The system then displays a dialog box.
-
For Name, type a short, unique name for the new schema. You cannot change this name later.
-
For Description, type an optional description of the new schema.
The system then generates metadata for the query and displays the new schema, which you can now edit as described in Editing Schemas.
Adding a File-Based Schema
A file-based data source is a UTF-8 encoded file with one record per line, where each line follows a convention that uses a specific delimiter between fields (typically a comma or a tab). This convention implicitly defines a schema. To define this schema within the product, you need to upload and then import a sample file and specify the delimiter and the field names. (Excel files are a special case of a file-based data source in which you do not need to specify the delimiter that separates fields.)
FileDir, ExcelSingleFileDir, and S3Delimited data sources are all file-based data sources.
To add a file-based schema:
-
Obtain a sample file for the schema, applicable to a specific file-based data source.
The sample file can consist of only one line. Also, the sample file must have a header row—an initial line that contains the names of the fields. (In other words, the sample file may or may not contain any actual data.)
-
Rename the sample file so it has an appropriate and useful short filename, because this short filename becomes the schema name within the system (with punctuation characters removed), and it cannot be edited.
For example, if you load a sample file named sampledata.csv, that becomes a schema named sampledatacsv.
-
Use the File Manager to upload this file to the Samples directory used by the chosen file-based data source.
-
Click the Data Catalog icon in the application menu.
-
Click Data Schema Importer.
-
Select the chosen file-based data source.
The section Available Items from Source lists the files in the Samples subdirectory for this data source.
-
Add files to be imported in either of two ways:
-
Click the check box next to each filename and then click the Add to Imports button above the table.
-
Click the Add to Imports button in the applicable row or rows.
The filename or filenames are then moved to the section Items Selected For Import; the system has not yet imported their metadata.
-
-
If the right side of the page contains a long list of files to import, you may want to double check the list. In doing so, if you want to filter this display, you can type into the Members Selected for Import filter. This option affects what this page displays, but does not affect the import of metadata.
-
Optionally, to remove a file from this list, click the Delete icon in the applicable row.
-
To import the selected files, click Import.
The system then imports all the selected files and generates metadata from them.
The page then displays the Results of Last Import tab, which lists all the files it imported.

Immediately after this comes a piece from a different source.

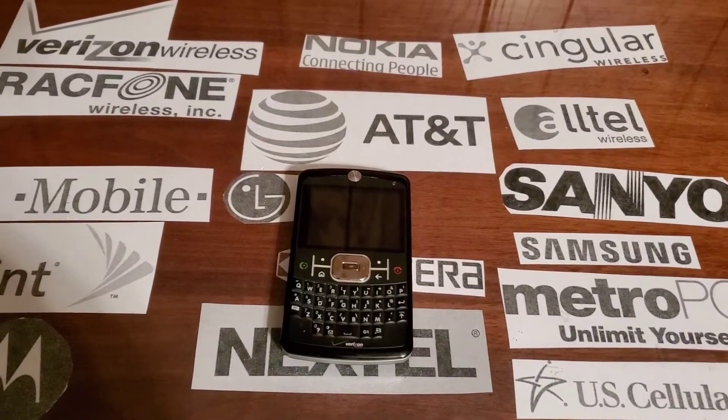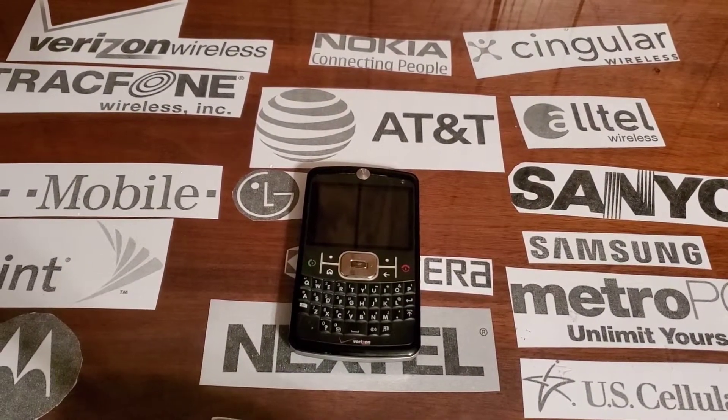Hey guys, welcome back to another video with Tony's Phone Collection. Today we're going to look at the Motorola Q9C with Verizon.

Filter Options When Importing Schemas
Depending on the type of data source, there may be a large number of schemas to choose among. The import page provides options to help you filter the display. You can filter and sort the items listed in the Available Items From Source section on the left, as well as the items listed in the Items Selected For Import on the right. In both areas, you can do the following:
-
To show only names containing a specific string, type that string into the filter above the Item Name column.
-
To display based on whether they are in the catalog, click the dropdown above the In Catalog column and select either or both of the following check boxes as needed:
-
Yes—display the items that are currently in the catalog.
-
No—display the items that are not currently in catalog.
-
-
You can click the Item Name and Item Name column headers to sort those columns.
These filters do not affect what is imported when you click Import. The only change is to the display of the items on this page.